Desde que comecei a escrever alguma coisa diferente de atas, ofícios e relatórios, que não requerem criatividade alguma, por vezes, sou levado à máquina de escrever por centelhas de pensamentos e imagens banais que surgem no caminho.

Ontem, foi o caso. Lá estava eu, no primeiro dia do mês de agosto de dois mil e vinte e dois, às sete horas e trinta minutos, na área de serviço do meu apartamento, preparando o terreno para Cuscuz começar o dia. O danadinho é um reloginho – o que me leva a crer que é maltês, sim, mas sua mãe pulou a cerca e teve um affair com um suíço. Vou direto ao assunto: Cuscuz teria que fazer suas necessidades sobre Rodrigo Maia.

Explico. Normalmente, quando não estou com pressa, procuro uma página de jornal inspiradora para Cuscuz, como uma foto ou um discurso do Presidente da República. Mas dessa vez surgiu o filho do ex-prefeito César Maia e ex-presidente da Câmara dos Deputados. Era uma entrevista ao Globo que tinha me surpreendido pelas dimensões do ego do entrevistado.

Lembro-me que há algum tempo, o ex-ministro do STF e da Defesa, Nelson Jobim, referiu-se a Rodrigo como “guri de merda”. Mas o mais surpreendente é como ele, que não estudou nem teve a história do pai, sustenta-se no cenário político. Herdou uma das capitanias da política brasileira e prosperou, a ponto de, quando perguntado sobre seu futuro político, ter dito que não queria ser senador, pois o Senado era uma Casa muito aborrecida.

E Maia arrematou seu depoimento comparando-se a um piano de cauda num caminhão de mudanças, ou seja, grande demais para qualquer cargo que não fosse, talvez, digo eu, de um chefe de Estado – posição difícil para quem não tem voto ou não é capaz de dar um golpe.
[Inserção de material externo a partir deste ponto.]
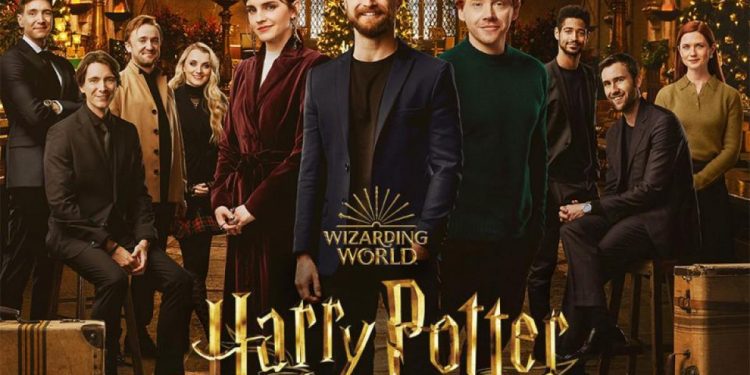 'Harry Potter 20th Anniversary: Return to Hogwarts' to premiere on Prime Video in India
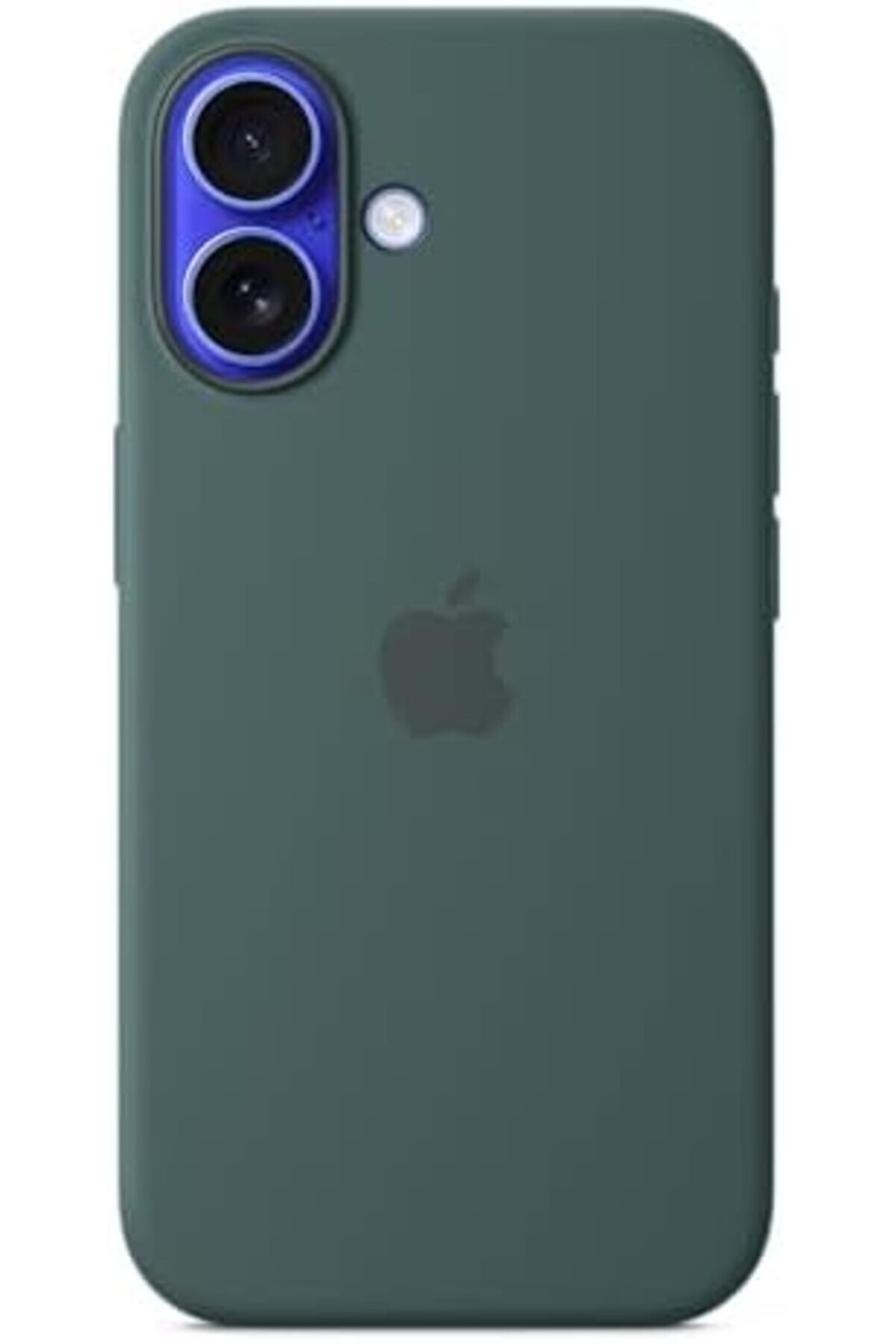 16 İçi̇n Özelli̇kli̇ Si̇li̇kon Kılıf - Göl Yeşi̇li̇ 1014773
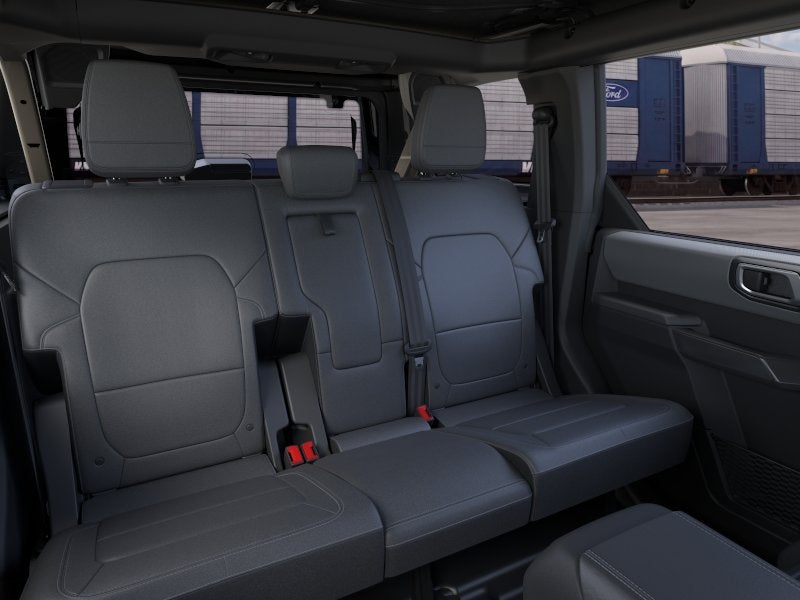 Ford Bronco Big Bend® 2026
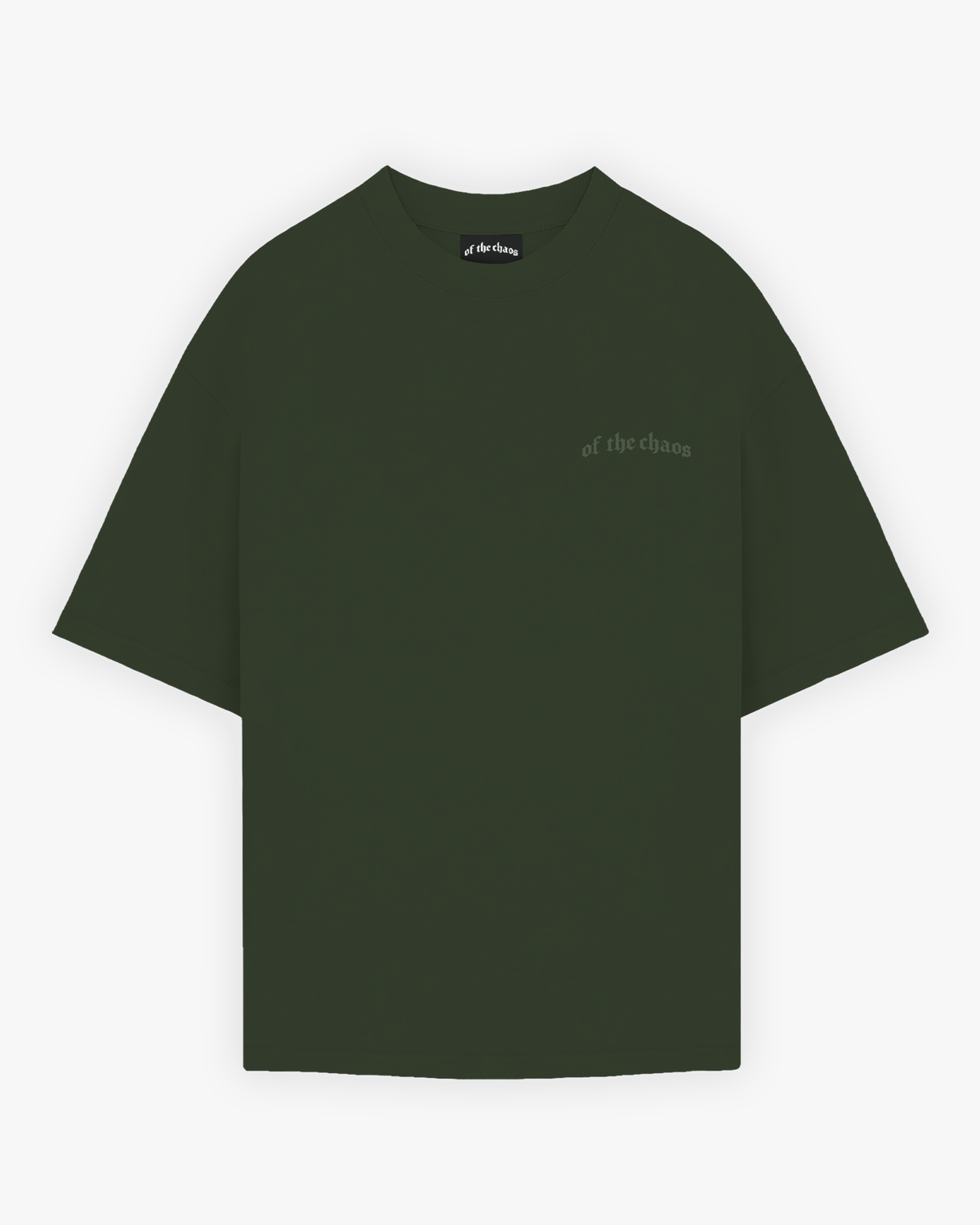 CORE T-SHIRT - OLIVE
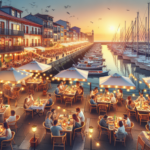 llanes restaurantes en el puerto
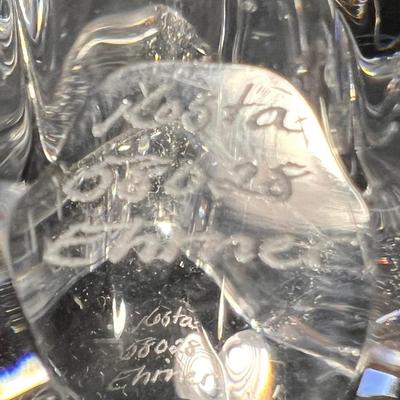 Kosta Boda, Cristal Taille Lead Crystal & More (DR-RG)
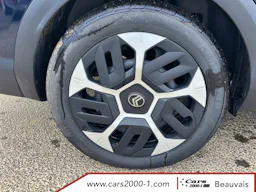 Citroën ë-C4X 156 ch autonomie etendue Plus occasion - Photo 17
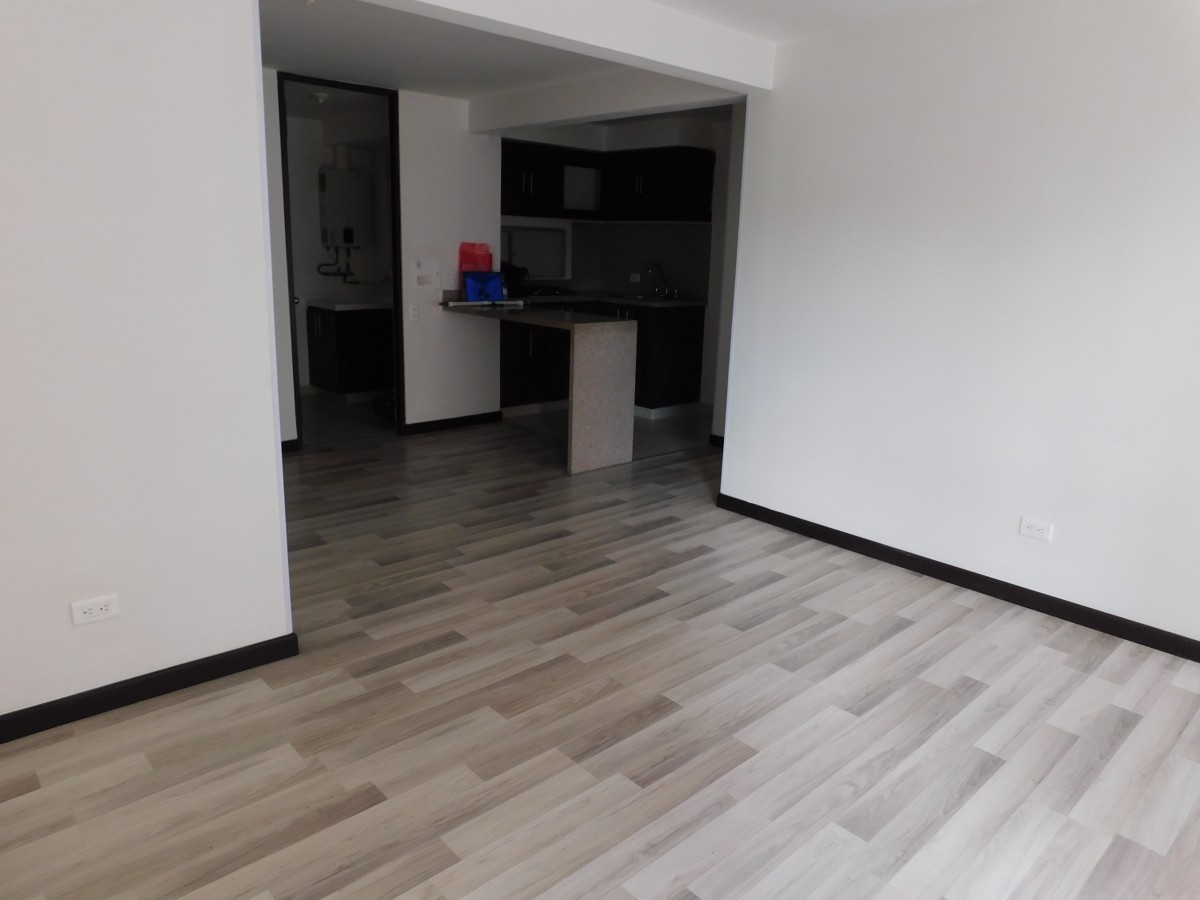 Apartamento en Arriendo en Nueva Castilla, Bogotá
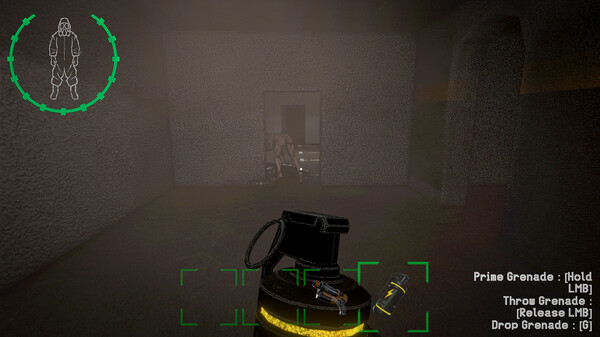 Backrooms Union screenshot 6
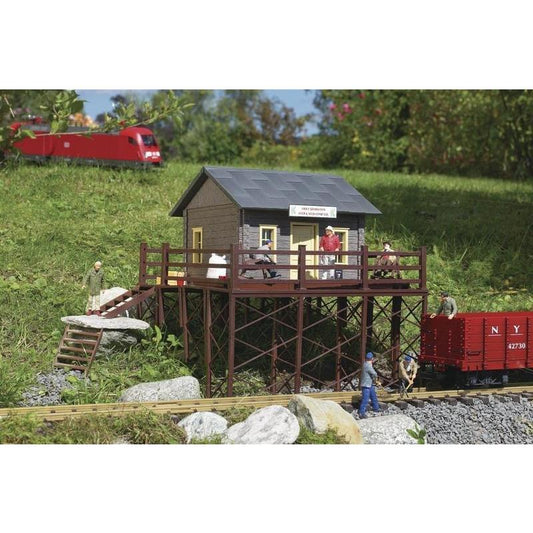 62112 Old Fallsington Feed & Seed - Swasey's Hardware & Hobbies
O fato é que a página das capitanias hereditárias e da política do compadrio no nosso arremedo de República nunca foi virada. Continuamos a eleger os filhos dos coronéis, os garotinhos e garotinhas ou os guris e gurias adjetivados por Nelson Jobim. Mas não são pianos valiosos a transportar, longe disso. No máximo, tubas desafinadas num Fusca enguiçado que, infelizmente, empurramos ladeira acima.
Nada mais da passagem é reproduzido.